President Reagan, meanwhile, is a major proponent of a balanced-budget amendment, and he continues to believe it is possible to reconcile his huge defense buildup with his across-the-board tax cuts without contributing to massive federal deficits, expected to total more than $550 billion in the next three years. His Treasury secretary, Donald Regan, insists there is no link between high interest rates and budget deficits - a view counter to that of most economists.

What is needed is clarity from the nation's political leadership about the deeper challenges facing the economy. The opposing candidates would seem to be on solid ground in addressing these issues:

* How to ensure a continued recovery? No question, the recovery continues to be strong. Unemployment is down to 7.1 percent, below what it was when President Reagan took office. Some 6.5 million jobs have been created since the recovery began in late 1982. Inflation is below 5 percent. Personal income is rising.

But the deficits throw a cloud over the future. Mondale says he would cut deficits by two-thirds during his first term of office. How? And what is Reagan's plan to reduce the deficits?
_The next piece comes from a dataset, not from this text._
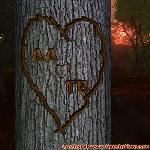Proof of Love!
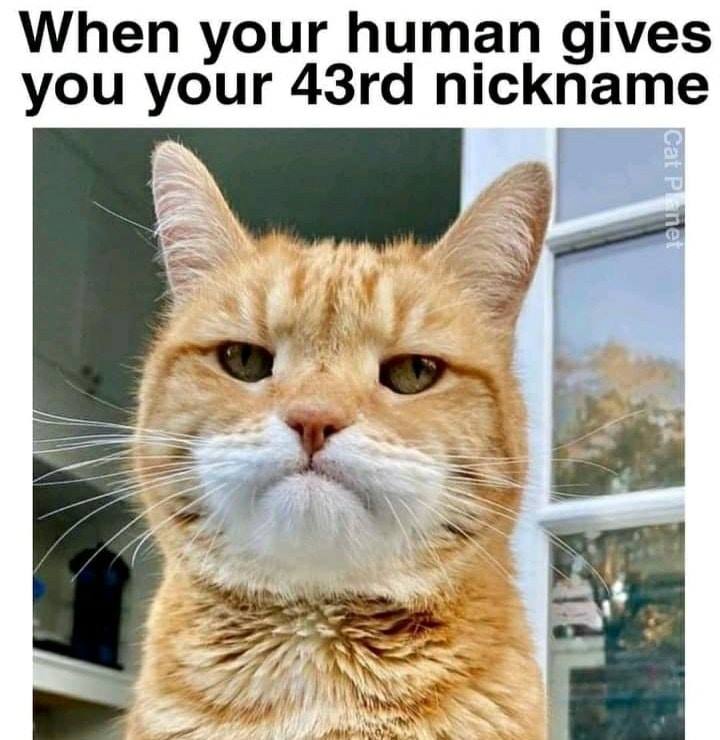 117040592_3227711883992557_4557034780694211041_n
* How to provide greater job equality for women? In May, for the first time ever, more than half of all US women were employed. But women's pay continues to lag far behind that of men for comparable work. Moreover, few women reach corporate board rooms.

* How to expand the US high-technology base? In the creation of high-tech processes, the US is far ahead of its world competitors. But in the application of technology - i.e., development of products - the US lead may well be shrinking vis-a-vis these competitors, particularly Japan, according to many analysts. Yet, high technology is the economic base of the future.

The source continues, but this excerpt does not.